**Entries shown**
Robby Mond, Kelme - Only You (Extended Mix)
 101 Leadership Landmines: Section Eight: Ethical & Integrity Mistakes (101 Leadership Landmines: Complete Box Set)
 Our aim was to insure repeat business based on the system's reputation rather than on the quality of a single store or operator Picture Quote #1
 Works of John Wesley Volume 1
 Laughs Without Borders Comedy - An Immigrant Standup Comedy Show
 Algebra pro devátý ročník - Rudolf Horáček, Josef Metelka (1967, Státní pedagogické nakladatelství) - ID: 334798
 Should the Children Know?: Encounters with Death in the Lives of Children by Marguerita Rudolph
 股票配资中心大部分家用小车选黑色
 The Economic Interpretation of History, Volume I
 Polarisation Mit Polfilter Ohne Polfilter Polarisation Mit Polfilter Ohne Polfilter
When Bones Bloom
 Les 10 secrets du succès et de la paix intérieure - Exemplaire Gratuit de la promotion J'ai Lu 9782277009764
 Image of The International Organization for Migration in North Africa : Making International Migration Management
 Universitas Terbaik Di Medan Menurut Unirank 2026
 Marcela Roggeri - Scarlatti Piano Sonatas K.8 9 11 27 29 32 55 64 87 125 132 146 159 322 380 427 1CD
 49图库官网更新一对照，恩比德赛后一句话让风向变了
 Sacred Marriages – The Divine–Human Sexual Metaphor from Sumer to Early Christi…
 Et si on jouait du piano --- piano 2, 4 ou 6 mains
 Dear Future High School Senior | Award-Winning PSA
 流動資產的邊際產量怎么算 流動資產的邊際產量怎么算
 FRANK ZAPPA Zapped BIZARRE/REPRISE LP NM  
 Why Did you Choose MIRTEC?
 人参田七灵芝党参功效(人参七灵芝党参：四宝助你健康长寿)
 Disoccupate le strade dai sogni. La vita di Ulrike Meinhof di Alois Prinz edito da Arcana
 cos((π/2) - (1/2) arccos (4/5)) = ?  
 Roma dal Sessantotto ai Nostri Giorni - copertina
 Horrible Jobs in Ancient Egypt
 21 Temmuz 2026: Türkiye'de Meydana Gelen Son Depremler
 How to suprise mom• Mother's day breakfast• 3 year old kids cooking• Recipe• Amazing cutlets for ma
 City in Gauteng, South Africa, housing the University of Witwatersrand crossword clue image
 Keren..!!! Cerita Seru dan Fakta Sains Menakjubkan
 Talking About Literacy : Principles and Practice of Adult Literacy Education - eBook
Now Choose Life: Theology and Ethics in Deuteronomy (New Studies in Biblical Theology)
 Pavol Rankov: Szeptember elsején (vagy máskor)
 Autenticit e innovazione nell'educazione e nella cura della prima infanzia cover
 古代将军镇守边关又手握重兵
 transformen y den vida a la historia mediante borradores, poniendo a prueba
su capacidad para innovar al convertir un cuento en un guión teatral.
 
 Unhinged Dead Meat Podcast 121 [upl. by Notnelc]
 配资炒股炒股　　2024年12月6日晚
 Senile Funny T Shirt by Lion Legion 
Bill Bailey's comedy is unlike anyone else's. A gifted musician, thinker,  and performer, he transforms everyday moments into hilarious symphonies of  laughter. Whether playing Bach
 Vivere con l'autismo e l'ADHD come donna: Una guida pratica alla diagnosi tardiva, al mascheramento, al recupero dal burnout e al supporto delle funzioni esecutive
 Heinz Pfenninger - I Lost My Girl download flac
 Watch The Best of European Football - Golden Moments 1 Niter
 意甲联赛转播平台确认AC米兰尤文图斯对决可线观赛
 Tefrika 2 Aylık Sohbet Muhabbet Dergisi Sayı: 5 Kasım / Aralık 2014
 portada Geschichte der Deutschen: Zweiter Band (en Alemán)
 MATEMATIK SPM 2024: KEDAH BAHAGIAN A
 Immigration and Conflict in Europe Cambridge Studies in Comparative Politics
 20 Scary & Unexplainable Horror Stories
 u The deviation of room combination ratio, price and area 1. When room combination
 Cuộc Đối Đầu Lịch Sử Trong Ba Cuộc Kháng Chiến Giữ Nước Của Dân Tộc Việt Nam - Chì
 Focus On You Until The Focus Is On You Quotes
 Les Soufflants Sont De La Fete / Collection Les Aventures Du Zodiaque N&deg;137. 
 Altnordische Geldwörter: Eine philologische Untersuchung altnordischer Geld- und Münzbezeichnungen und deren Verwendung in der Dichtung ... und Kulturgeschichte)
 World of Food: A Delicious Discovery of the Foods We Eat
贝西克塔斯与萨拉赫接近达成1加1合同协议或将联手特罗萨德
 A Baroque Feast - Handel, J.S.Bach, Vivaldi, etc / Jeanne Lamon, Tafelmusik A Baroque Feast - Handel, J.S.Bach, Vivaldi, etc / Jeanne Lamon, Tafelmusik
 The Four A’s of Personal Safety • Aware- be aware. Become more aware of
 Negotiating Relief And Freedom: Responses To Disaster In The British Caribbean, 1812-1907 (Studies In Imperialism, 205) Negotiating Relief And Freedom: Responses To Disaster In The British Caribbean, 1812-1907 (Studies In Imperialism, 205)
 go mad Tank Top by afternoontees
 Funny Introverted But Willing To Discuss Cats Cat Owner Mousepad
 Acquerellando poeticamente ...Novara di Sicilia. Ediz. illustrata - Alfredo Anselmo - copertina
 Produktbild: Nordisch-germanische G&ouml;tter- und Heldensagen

**Task statement**
Above are the lines; repeat exactly the ones from the line containing "Polarisation Mit Polfilter Ohne Polfilter Polarisation" down to the line containing "49图库官网更新一对照，恩比德赛后一句话让风向变了", both inclusive.

**Result**
 Polarisation Mit Polfilter Ohne Polfilter Polarisation Mit Polfilter Ohne Polfilter
When Bones Bloom
 Les 10 secrets du succès et de la paix intérieure - Exemplaire Gratuit de la promotion J'ai Lu 9782277009764
 Image of The International Organization for Migration in North Africa : Making International Migration Management
 Universitas Terbaik Di Medan Menurut Unirank 2026
 Marcela Roggeri - Scarlatti Piano Sonatas K.8 9 11 27 29 32 55 64 87 125 132 146 159 322 380 427 1CD
 49图库官网更新一对照，恩比德赛后一句话让风向变了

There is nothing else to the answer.